A wonderful picture of American politics in action comes from George Caleb Bingham’s “The County Election.” You see a great many people, all of whom are male. The polling place would stay open for two or three days, to allow the farmers time to come in from their scattered farms to the county seat. Both the strengths and the weaknesses of politics area on display. Some of the men are discussing politics earnestly, but some are just getting drunk. The social democracy that is encouraged by political democracy is on display; the candidate tips his top hat to a humble farmer in shirtsleeves to ingratiate himself with the voters. There’s a man near the top center who is taking the oath from the clerk, swearing that he really is the name he has just given. He will then give his vote orally—they didn’t have secret ballots in those days, even in places where they used ballots, the ballots were printed by the parties, which made sure that there ballot was a different color from the other ballots so you could easily see which one was being put into the ballot box. That way, if you had paid someone for his vote, you knew you were getting your money’s worth. The little boys in the foreground are playing a game, and the artist is thus subtly hinting that the grown men are also playing a game of their own, the game of politics.

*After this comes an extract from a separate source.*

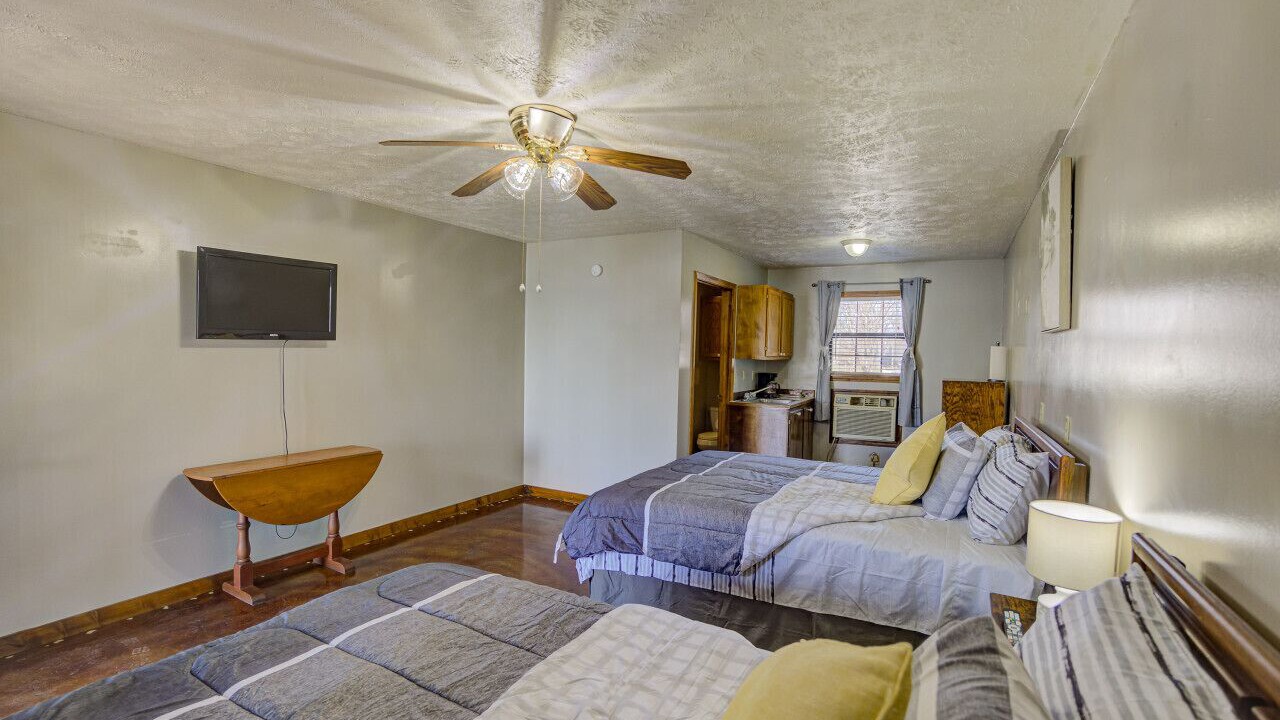 Photo of Bedroom in Redwood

With the expansion of the printed media, the battle to influence public opinion became ever more fervent. The new media of communication brought the rival party programs to the attention of the electorate remarkably effectively. In fact, a higher percentage of the legally qualified voters went to the polls in the 19th century than go to the polls today (of course, a smaller percentage of the population was legally qualified to vote). But the two major parties of the antebellum period, the Democrats and the Whigs, commanded fierce loyalty from their parties, possibly in part because there weren’t yet any professional sports teams to capture the imagination and loyalty of the public. Almost all Americans of this period expected and wanted their country to change and grow; some of them thought of this principally in terms of geographical expansion across the continent, others however thought of it in terms of enriching the quality of American life, through industrialization, through increased educational opportunities, or even in improving the treatment of women or racial minorities. These rival visions of the future dominated the political debates of that era.

At the time of the invention of the telegraph, the Democratic Party of Andrew Jackson was the party of territorial expansion, what it called realizing America’s manifest destiny—its plain, obvious destiny, what people today call imperialism. The Whig Party was the party of economic development. Its leaders included John Quincy Adams, Henry Clay, and the future president Abraham Lincoln. The Whigs advocated a national bank to provide a stable uniform currency, a protective tariff to encourage industrialization, subsidies to transportation projects and state supported public school systems. The Whigs called their program the American system, to emphasize that it was intended to make the nation strong and economically independent.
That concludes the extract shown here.